EXERCISE DESCRIPTION >>
Skip the pictures. Retype exactly, and only, the lines between the line holding "CHỈ 10 TỶ NHÀ" and the last line below, inclusive.

Excerpts from a dataset
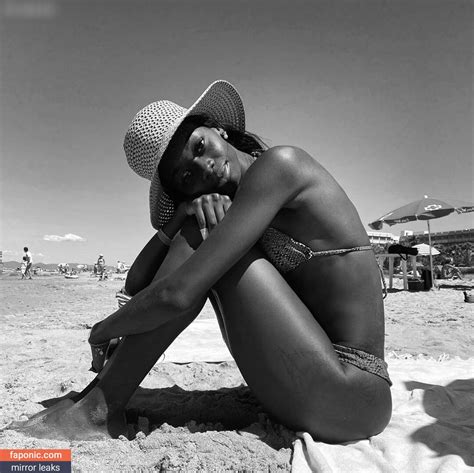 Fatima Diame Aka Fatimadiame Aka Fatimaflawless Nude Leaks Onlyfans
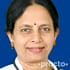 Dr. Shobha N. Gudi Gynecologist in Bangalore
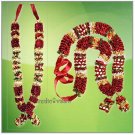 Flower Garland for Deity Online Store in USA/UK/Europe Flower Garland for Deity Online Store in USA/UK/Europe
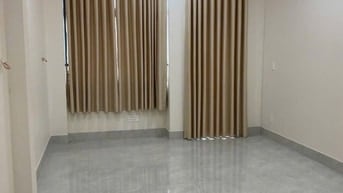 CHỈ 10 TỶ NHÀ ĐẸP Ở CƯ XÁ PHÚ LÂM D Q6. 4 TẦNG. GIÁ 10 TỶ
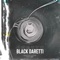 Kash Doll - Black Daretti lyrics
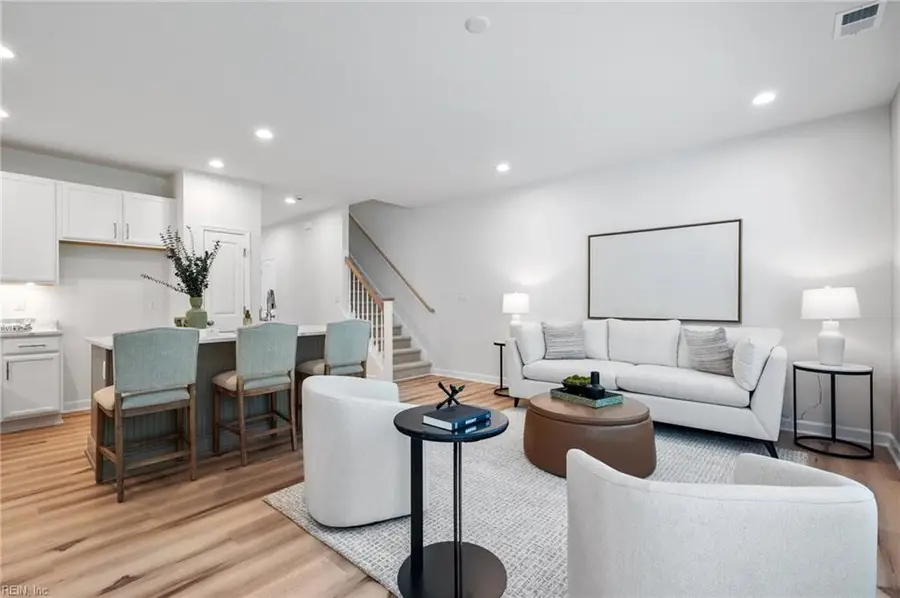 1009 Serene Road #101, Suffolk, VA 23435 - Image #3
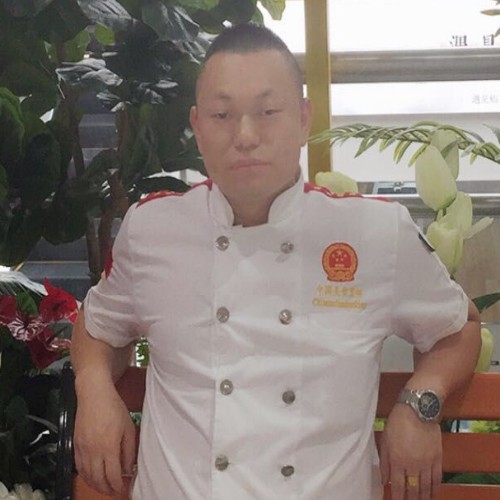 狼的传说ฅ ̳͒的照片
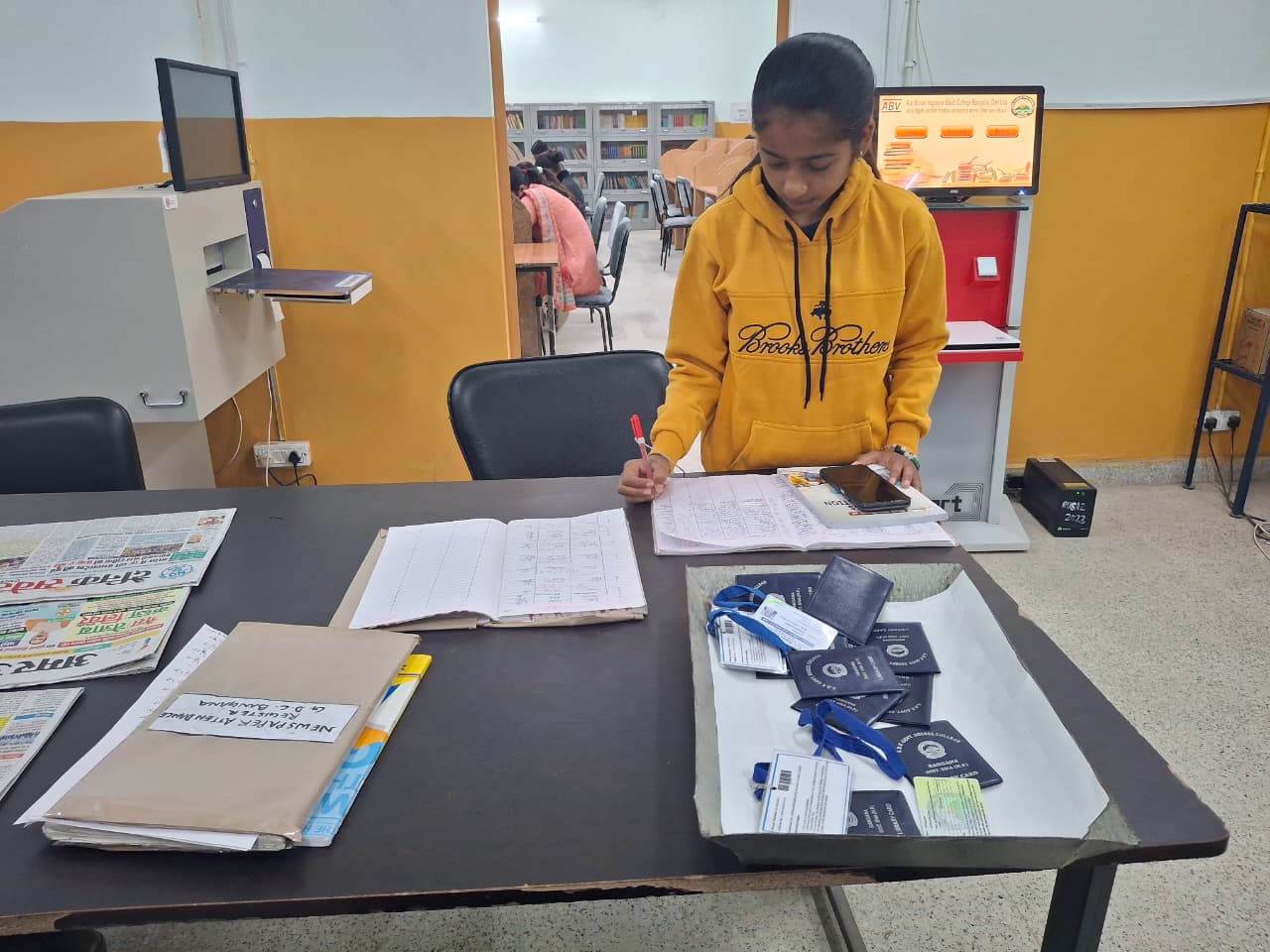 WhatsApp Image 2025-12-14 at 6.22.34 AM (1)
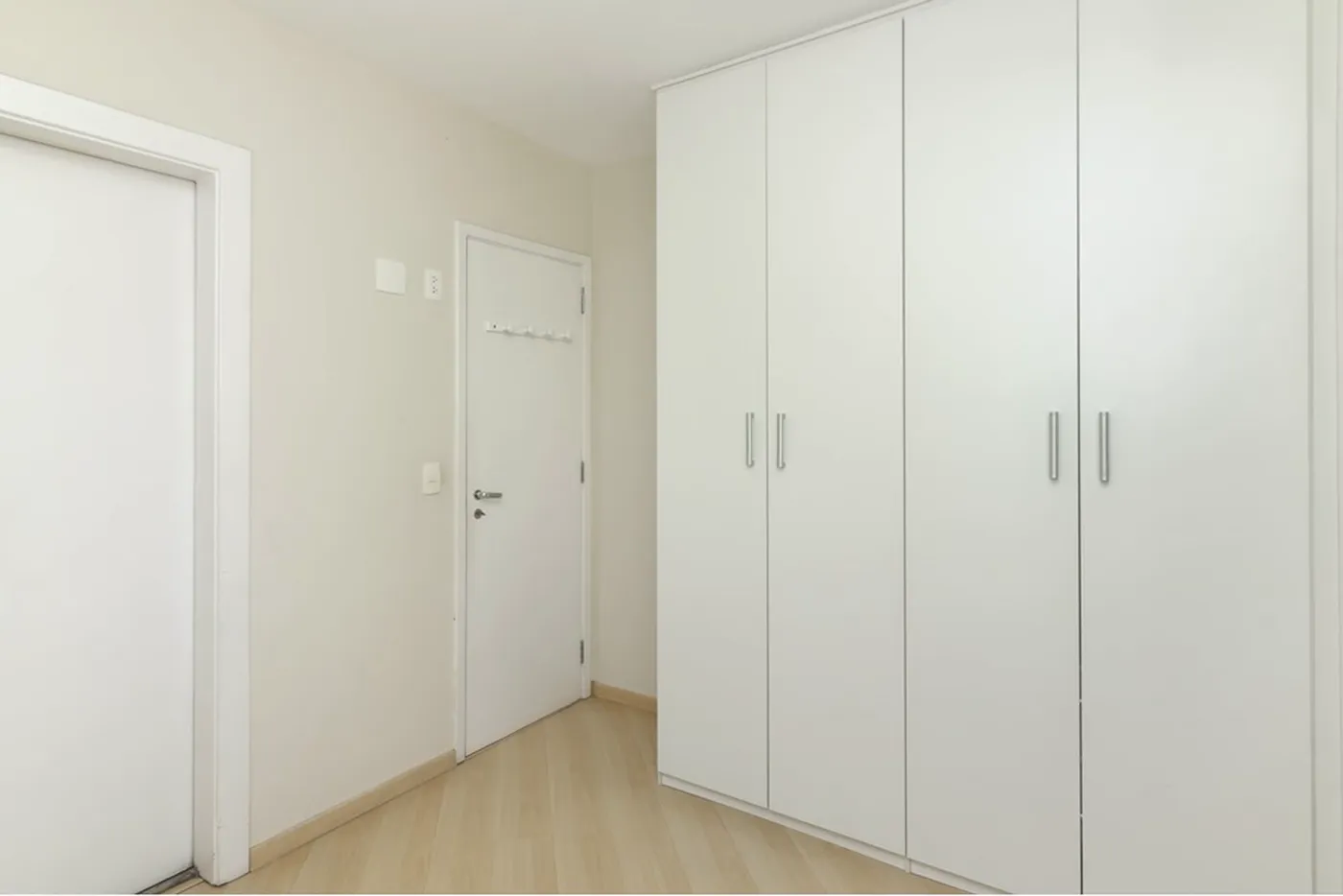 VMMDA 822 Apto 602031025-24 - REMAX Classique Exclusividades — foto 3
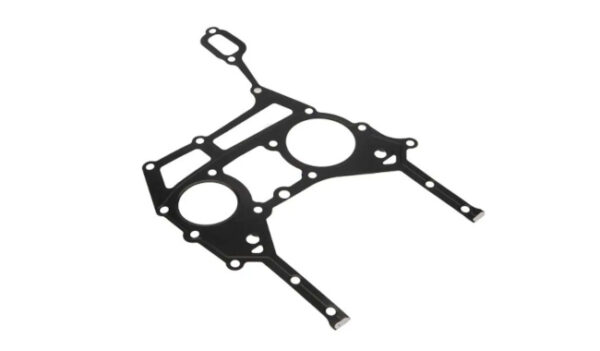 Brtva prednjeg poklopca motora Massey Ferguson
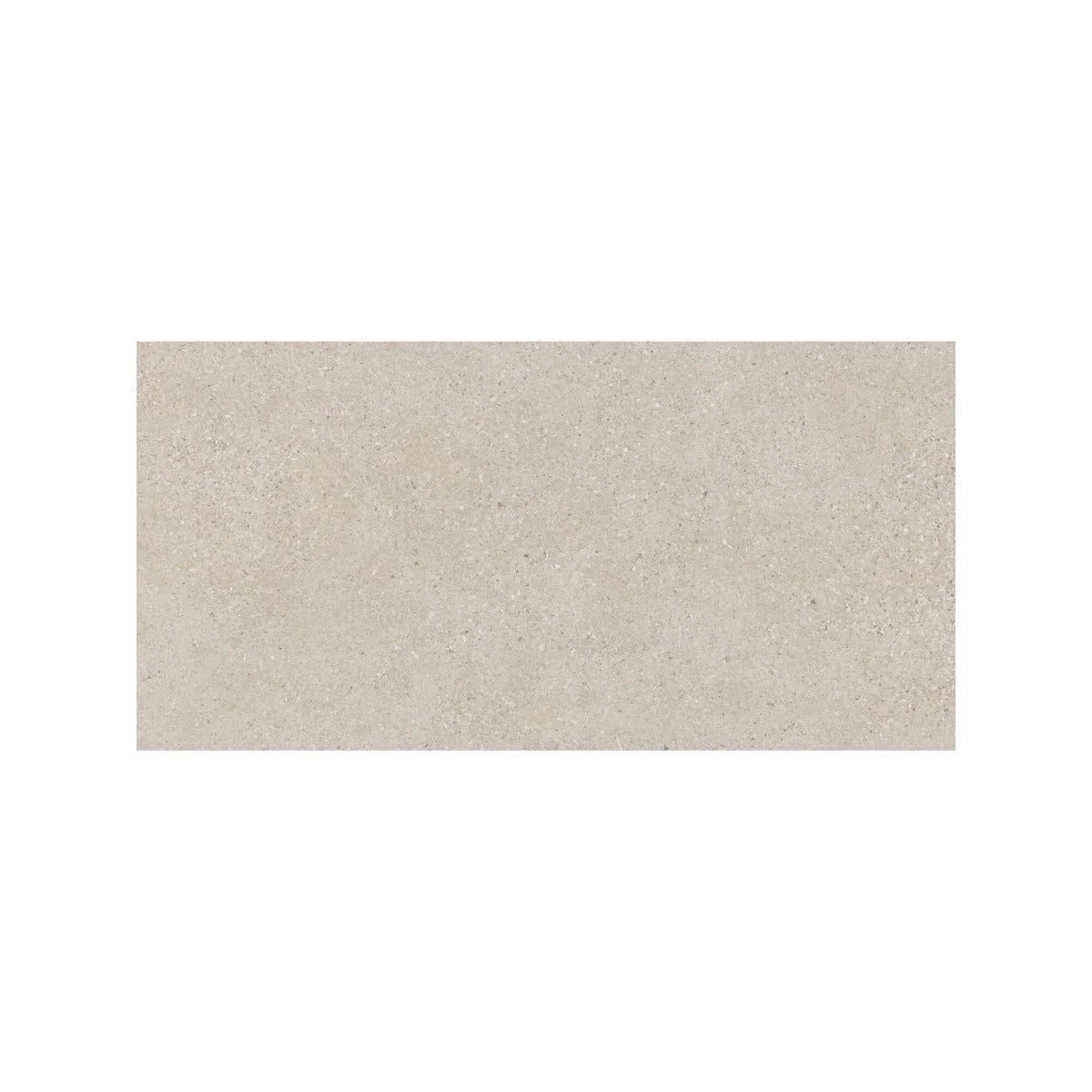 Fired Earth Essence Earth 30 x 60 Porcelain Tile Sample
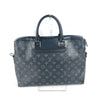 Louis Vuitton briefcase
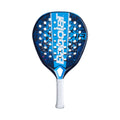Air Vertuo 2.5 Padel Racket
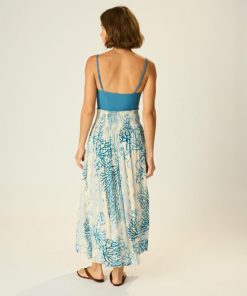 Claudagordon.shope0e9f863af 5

OUTPUT BELOW >>
 CHỈ 10 TỶ NHÀ ĐẸP Ở CƯ XÁ PHÚ LÂM D Q6. 4 TẦNG. GIÁ 10 TỶ
 Kash Doll - Black Daretti lyrics
 1009 Serene Road #101, Suffolk, VA 23435 - Image #3
 狼的传说ฅ ̳͒的照片
 WhatsApp Image 2025-12-14 at 6.22.34 AM (1)
 VMMDA 822 Apto 602031025-24 - REMAX Classique Exclusividades — foto 3
 Brtva prednjeg poklopca motora Massey Ferguson
 Fired Earth Essence Earth 30 x 60 Porcelain Tile Sample
 Louis Vuitton briefcase
Air Vertuo 2.5 Padel Racket
 Claudagordon.shope0e9f863af 5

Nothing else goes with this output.